In Pakistan in September Graeme Smith was fined lots of money and banned for a one-day international, which cost him lots more money. His crime, and he admits he was guilty, was verbal abuse of an opponent.

In the fifth game of the recently concluded one-day series against New Zealand, moments before the South African captain was about to face the first ball of South Africa’s run-chase innings in a match they had to win to keep the series alive, Black Caps captain Stephen Fleming launched into a tirade of invective abuse that caught even the abrasive Smith off guard.

In Pakistan, Smith had acted instinctively to intervene in an unsightly exchange of views between Andrew Hall and Yousuf Youhana. The Pakistani batsman received a smack on the wrist with a feather, while Hall and Smith were banned. No matter about ‘heat of the moment’, the law was the law.

Yet the brilliant Fleming was so smart (not to mention 12,000 kilometres from London and acting in the early hours of London’s morning) that his ugly attack on Smith went unnoticed, let alone unpunished. Remember it was the wise men in London that decided to punish Smith and Hall, not the match referee at the scene of the event, Clive Lloyd.

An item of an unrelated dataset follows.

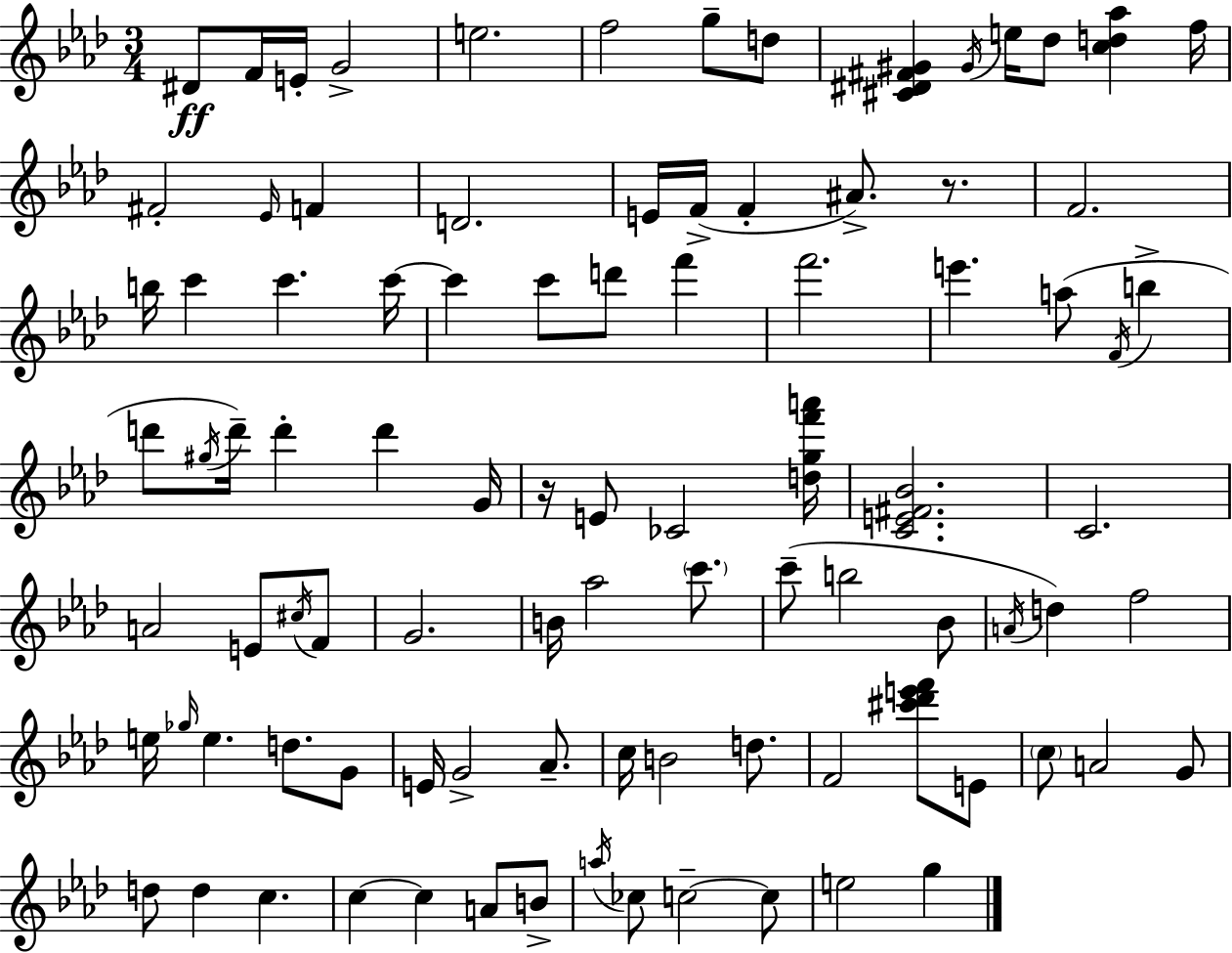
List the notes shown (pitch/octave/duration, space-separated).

D#4/e F4/s E4/s G4/h E5/h. F5/h G5/e D5/e [C#4,D#4,F#4,G#4]/q G#4/s E5/s Db5/e [C5,D5,Ab5]/q F5/s F#4/h Eb4/s F4/q D4/h. E4/s F4/s F4/q A#4/e. R/e. F4/h. B5/s C6/q C6/q. C6/s C6/q C6/e D6/e F6/q F6/h. E6/q. A5/e F4/s B5/q D6/e G#5/s D6/s D6/q D6/q G4/s R/s E4/e CES4/h [D5,G5,F6,A6]/s [C4,E4,F#4,Bb4]/h. C4/h. A4/h E4/e C#5/s F4/e G4/h. B4/s Ab5/h C6/e. C6/e B5/h Bb4/e A4/s D5/q F5/h E5/s Gb5/s E5/q. D5/e. G4/e E4/s G4/h Ab4/e. C5/s B4/h D5/e. F4/h [C#6,Db6,E6,F6]/e E4/e C5/e A4/h G4/e D5/e D5/q C5/q. C5/q C5/q A4/e B4/e A5/s CES5/e C5/h C5/e E5/h G5/q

South African cricketers have a reputation for being confrontational, or at least for standing up for their rights. Sometimes they are seen as loud-mouthed and troublesome, but sometimes they are just trying to break the cycle of pre-conceived beliefs that condemns them to the less generous side of officialdom. Mostly, of course, this is a self-defeating exercise.

Graeme Smith waded into the defense of his fast bowler, Andre Nel, on the second day of the Test against New Zealand at Hamilton when the big man from Benoni was given an official warning for running on the wicket after his second delivery. His second delivery…

Zimbabwean umpire Russell Tiffin said after the first ball, according to the players, “you’re getting a bit close there.” Cricket law and etiquette stipulates that a bowler is given a “verbal warning” before an official one. Does Tiffin’s comment represent an official warning?

Even the abrasive, confrontational Kiwi coach John Bracewell admitted he had never seen a bowler warned officially after two balls. In fact, no one at Westpac Park in Hamilton had.

“Sometimes the match officials want to make an example of someone, and we have, maybe, been in the wrong place at the wrong time,” said Smith after Nel’s bizarre caution. “But all we ask for is consistency. Just make it the same for all players. Andre could have been removed for the rest of the innings in four balls if the umpire had carried on at that rate, and that doesn’t seem to follow the letter or the spirit of the law.”

For Smith’s troubles, he was “spoken to” by the umpires – Tiffin and Australia’s Steve Davies – after the match. Another reprimand for seeking equal and fair treatment from the game’s officiators. He can either shrug his shoulders and move away, or steel his spirit to carry on fighting. He will follow the path trodden already by men like Viv Richards, Steve Waugh and, yes, well, obviously, Stephen Fleming.